A parlour house was to be 1055 ft2 and a non parlour house to be 855 ft2. In the climate of 1918, 85% of the houses needed to be three-bedroom and 15% to be smaller or bigger. Pre-war the divide had been 40%/60%. The bedrooms should be 150 ft2,100 ft2 and 65 ft2. A parlour of
120 ft2 was seen to be adequate, in effect 12x10 ft. It was a quiet room for reading, writing, a sick relative or formal entertaining of non-family visitors.
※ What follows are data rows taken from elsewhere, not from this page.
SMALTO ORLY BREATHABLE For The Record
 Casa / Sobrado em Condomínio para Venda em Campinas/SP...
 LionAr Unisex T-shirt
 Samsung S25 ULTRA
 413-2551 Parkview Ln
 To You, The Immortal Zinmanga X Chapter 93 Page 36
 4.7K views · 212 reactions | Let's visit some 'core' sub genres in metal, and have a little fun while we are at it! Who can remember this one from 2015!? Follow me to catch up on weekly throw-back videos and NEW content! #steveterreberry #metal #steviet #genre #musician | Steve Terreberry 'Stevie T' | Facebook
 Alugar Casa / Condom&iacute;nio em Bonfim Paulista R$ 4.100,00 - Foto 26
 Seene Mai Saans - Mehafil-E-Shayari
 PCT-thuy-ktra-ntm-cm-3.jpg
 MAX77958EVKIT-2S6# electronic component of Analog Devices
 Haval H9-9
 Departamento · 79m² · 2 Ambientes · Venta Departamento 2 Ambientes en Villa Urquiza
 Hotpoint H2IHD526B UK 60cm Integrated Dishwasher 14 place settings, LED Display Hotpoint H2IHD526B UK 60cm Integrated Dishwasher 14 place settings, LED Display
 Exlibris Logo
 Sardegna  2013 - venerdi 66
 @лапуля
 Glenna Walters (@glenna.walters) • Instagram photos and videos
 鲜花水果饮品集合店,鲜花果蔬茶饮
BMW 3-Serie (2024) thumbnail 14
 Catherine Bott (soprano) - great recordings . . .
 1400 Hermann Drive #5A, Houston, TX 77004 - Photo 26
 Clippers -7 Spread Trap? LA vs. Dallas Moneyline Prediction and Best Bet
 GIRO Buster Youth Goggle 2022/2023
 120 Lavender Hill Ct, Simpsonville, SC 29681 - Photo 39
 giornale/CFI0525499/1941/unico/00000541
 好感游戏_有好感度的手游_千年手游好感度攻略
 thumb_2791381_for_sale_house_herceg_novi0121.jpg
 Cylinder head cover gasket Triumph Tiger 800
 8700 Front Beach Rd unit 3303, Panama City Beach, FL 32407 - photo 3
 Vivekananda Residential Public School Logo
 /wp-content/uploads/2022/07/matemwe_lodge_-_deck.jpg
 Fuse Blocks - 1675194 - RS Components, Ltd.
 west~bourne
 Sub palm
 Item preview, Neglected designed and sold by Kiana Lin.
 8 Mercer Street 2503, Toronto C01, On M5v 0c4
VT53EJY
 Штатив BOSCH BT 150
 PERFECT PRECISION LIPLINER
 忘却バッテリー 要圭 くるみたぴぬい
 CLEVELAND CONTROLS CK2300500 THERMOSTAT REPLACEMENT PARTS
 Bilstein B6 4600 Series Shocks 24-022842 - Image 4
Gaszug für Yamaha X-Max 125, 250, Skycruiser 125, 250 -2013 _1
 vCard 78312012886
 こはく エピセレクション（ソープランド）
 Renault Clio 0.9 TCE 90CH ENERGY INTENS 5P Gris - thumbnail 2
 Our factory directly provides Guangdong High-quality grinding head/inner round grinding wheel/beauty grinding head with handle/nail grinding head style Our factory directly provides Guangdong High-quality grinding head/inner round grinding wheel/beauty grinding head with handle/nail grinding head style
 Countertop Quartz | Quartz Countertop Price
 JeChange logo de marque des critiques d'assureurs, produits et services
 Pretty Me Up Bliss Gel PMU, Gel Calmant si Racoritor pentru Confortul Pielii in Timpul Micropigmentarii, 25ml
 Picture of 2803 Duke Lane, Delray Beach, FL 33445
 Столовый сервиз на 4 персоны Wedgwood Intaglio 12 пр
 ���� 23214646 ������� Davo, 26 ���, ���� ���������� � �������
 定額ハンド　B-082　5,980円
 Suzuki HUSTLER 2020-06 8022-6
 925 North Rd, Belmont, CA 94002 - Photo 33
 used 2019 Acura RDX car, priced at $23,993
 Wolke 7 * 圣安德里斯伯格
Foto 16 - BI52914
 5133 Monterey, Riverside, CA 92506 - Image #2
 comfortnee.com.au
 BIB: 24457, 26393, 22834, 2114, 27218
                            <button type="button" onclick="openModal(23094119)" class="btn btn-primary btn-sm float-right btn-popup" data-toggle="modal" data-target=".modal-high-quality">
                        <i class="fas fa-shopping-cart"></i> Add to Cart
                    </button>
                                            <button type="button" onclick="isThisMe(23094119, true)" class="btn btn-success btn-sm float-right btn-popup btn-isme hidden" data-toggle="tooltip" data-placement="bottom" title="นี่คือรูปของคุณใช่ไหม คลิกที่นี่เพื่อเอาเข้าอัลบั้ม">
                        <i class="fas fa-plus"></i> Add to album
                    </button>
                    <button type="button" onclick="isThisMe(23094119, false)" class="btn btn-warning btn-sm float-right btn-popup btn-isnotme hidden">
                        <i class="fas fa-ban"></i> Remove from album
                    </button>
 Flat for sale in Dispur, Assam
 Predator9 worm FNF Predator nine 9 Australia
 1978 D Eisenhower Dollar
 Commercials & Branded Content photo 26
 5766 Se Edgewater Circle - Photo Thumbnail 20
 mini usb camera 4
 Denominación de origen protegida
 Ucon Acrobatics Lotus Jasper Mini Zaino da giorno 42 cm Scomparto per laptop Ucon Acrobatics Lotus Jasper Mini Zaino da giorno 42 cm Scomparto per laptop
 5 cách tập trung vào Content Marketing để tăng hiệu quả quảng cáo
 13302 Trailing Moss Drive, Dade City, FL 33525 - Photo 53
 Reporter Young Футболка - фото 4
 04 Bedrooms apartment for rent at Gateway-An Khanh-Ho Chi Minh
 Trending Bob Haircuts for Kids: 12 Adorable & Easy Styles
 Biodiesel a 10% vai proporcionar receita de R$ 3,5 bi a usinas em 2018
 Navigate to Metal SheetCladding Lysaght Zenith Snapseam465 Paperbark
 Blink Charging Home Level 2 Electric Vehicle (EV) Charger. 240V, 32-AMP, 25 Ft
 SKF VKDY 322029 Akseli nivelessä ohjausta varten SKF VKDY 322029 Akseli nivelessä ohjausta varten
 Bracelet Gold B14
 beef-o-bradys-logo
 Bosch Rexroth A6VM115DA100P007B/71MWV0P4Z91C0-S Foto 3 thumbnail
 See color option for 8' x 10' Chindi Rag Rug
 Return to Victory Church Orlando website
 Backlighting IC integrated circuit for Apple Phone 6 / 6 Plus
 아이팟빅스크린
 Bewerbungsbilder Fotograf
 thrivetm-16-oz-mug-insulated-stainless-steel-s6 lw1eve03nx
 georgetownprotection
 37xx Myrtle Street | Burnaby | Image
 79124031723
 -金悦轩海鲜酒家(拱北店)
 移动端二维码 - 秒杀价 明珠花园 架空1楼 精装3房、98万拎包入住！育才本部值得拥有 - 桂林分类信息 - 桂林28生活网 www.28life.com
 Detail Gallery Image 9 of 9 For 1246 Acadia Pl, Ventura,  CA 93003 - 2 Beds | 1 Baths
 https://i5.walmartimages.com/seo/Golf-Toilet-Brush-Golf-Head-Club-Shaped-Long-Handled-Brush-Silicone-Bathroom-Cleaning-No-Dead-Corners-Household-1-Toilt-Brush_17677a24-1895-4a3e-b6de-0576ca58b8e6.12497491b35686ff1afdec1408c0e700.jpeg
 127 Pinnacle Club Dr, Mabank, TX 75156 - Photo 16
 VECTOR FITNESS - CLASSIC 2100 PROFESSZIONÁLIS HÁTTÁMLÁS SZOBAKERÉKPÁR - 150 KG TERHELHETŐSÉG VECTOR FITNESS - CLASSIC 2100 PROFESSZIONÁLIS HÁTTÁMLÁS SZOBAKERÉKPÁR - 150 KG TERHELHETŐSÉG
It also suggested the use of district heating using waste heat from power-stations, the use of standardised components, the positioning of community facilities, integration with public transport and phasing the construction of both.

===Table===

Tudor Walters Committee Recommendations
| House without a parlour | Area ft^{2} (m^{2}) | Volume ft^{3} (m^{3}) | House with a parlour | Area ft^{2} (m^{2}) | Volume ft^{3} (m^{3}) |
|  |  |  | Parlour | 120 (11) | 960 (27) |
| Living Room | 180 (17) | 1,440 (41) | Living Room | 180 (17) | 1,440 (41) |
| Scullery | 80 (7.4) | 640 (18) | Scullery | 80 (7.4) | 640 (18) |
| Larder | 24 (2.2) | - | Larder | 24 (2.2) | - |
| Bedroom No. 1 | 150 (14) | 1,200 (34) | Bedroom No. 1 | 160 (15) | 1,280 (36) |
| Bedroom No. 2 | 100 (9.3) | 800 (23) | Bedroom No. 2 | 120 (11) | 960 (27) |
| Bedroom No. 3 | 65 (6.0) | 520 (15) | Bedroom No. 3 | 110 (10) | 880 (25) |
| Total | 855 ft^{2} (79.4 m^{2}) |  |  | 1,055 ft^{2} (98.0 m^{2}) |  |
Desirable Minimum sizes - Tudor Walters Committee

==The legacy==

In 1919 the government required councils to provide housing, helping them to do so through the provision of subsidies under Housing, Town Planning, &c. Act 1919. The Housing of the Working Classes Act 1890 had merely permitted them to do so. They were to be built to the Tudor Walters standards.